__Activity__: Beginning with the line where "schumacher wheels usato schumacher" occurs, set down each line of the records through the final one, exactly and without additions.

(Brief descriptive captions)

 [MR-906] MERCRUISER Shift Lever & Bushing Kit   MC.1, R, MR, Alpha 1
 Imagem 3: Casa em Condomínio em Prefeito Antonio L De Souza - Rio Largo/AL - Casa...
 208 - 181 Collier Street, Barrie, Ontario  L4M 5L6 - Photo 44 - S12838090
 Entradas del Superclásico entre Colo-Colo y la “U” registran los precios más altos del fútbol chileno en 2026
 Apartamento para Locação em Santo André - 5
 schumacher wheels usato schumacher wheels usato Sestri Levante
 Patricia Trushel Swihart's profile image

__Answer below__:
 schumacher wheels usato schumacher wheels usato Sestri Levante
 Patricia Trushel Swihart's profile image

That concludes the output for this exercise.